_Listed records:_
BEGIN
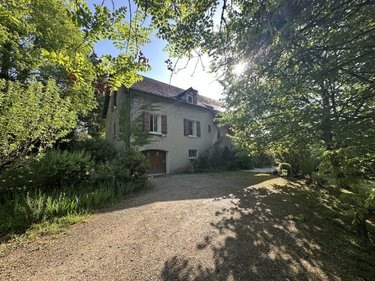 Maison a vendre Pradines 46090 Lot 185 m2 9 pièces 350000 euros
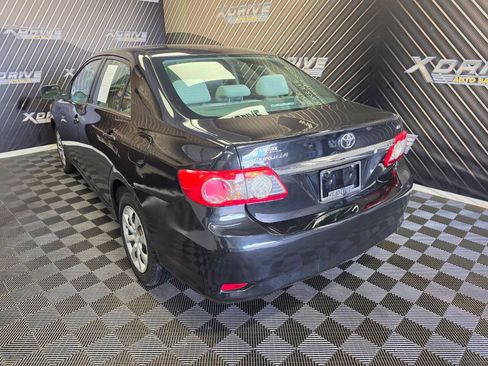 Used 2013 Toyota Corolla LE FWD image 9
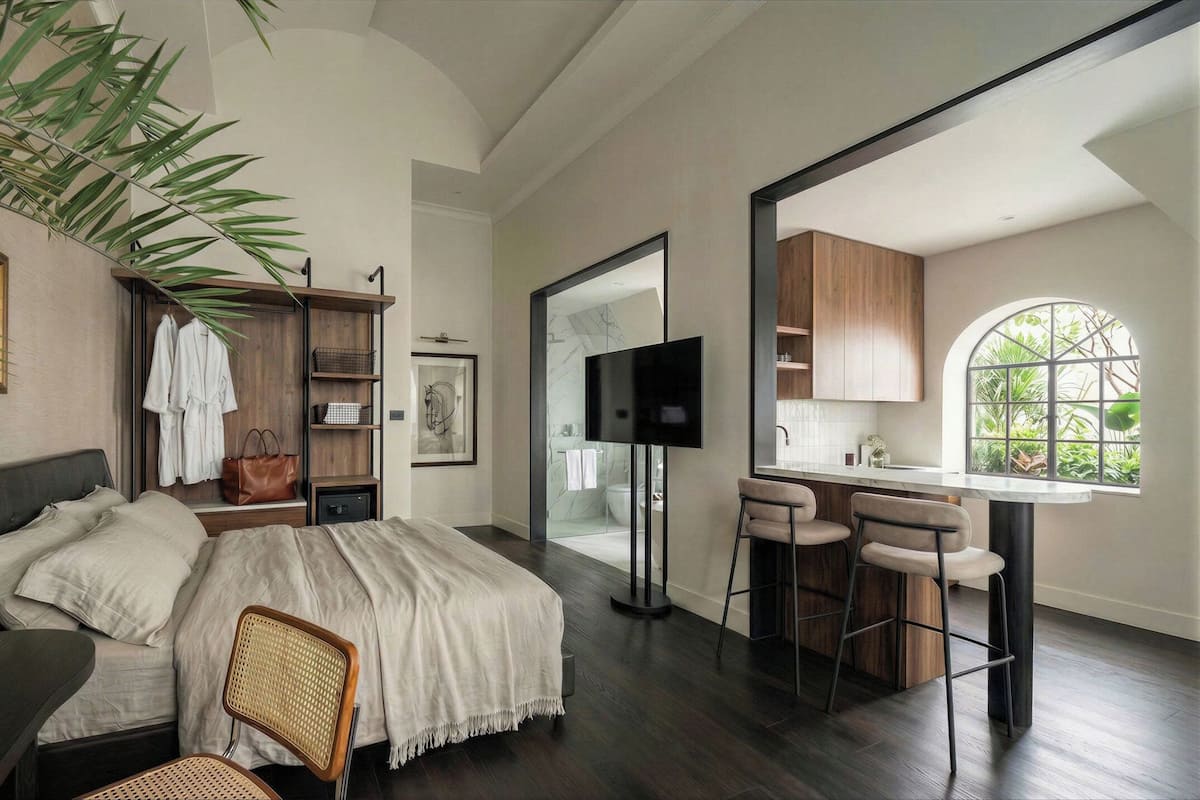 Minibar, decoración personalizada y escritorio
END
BEGIN
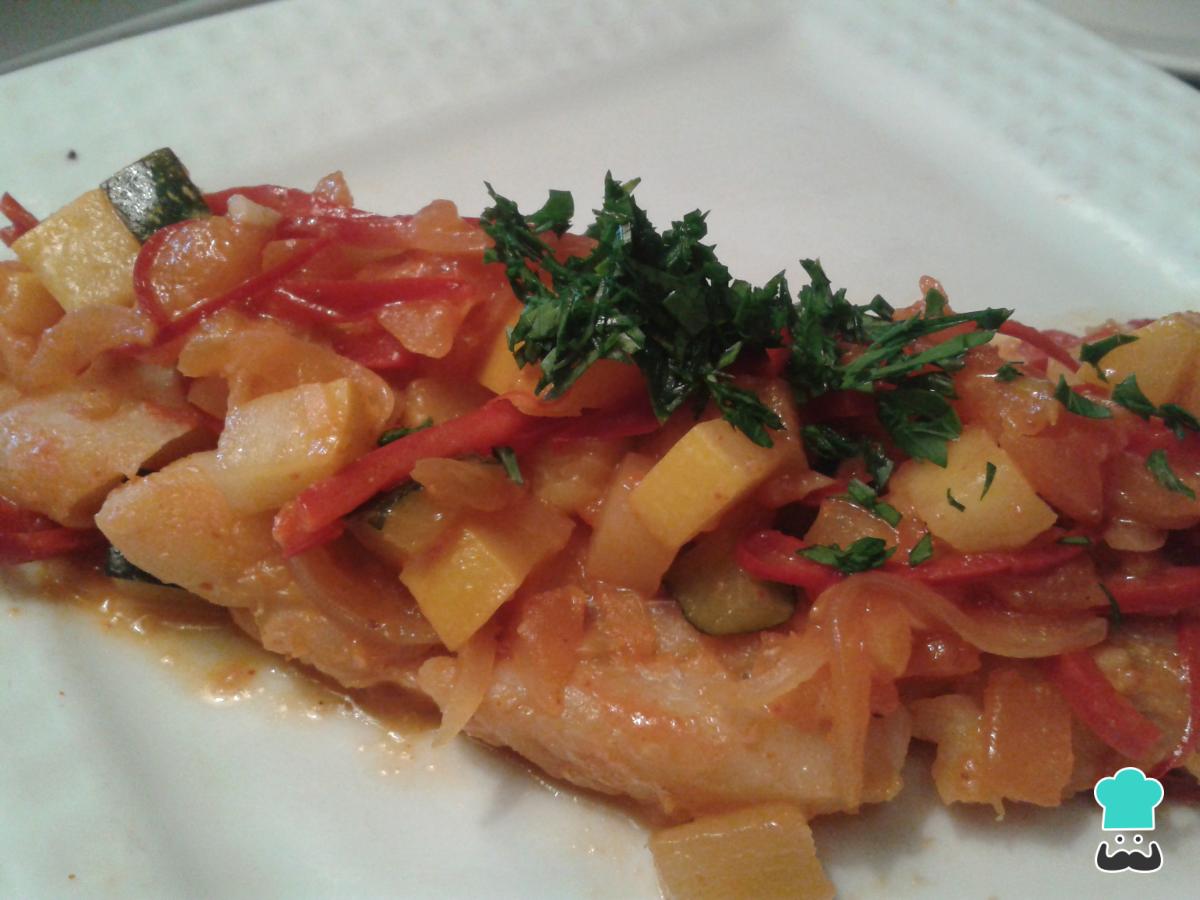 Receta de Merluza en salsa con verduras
END
_Assigned task:_ The answer should consist only of the lines above from the one with "Maison a vendre" through the one with "Minibar, decoración personalizada", repeated exactly, with no pictures among them.

_Solution:_
 Maison a vendre Pradines 46090 Lot 185 m2 9 pièces 350000 euros
 Used 2013 Toyota Corolla LE FWD image 9
 Minibar, decoración personalizada y escritorio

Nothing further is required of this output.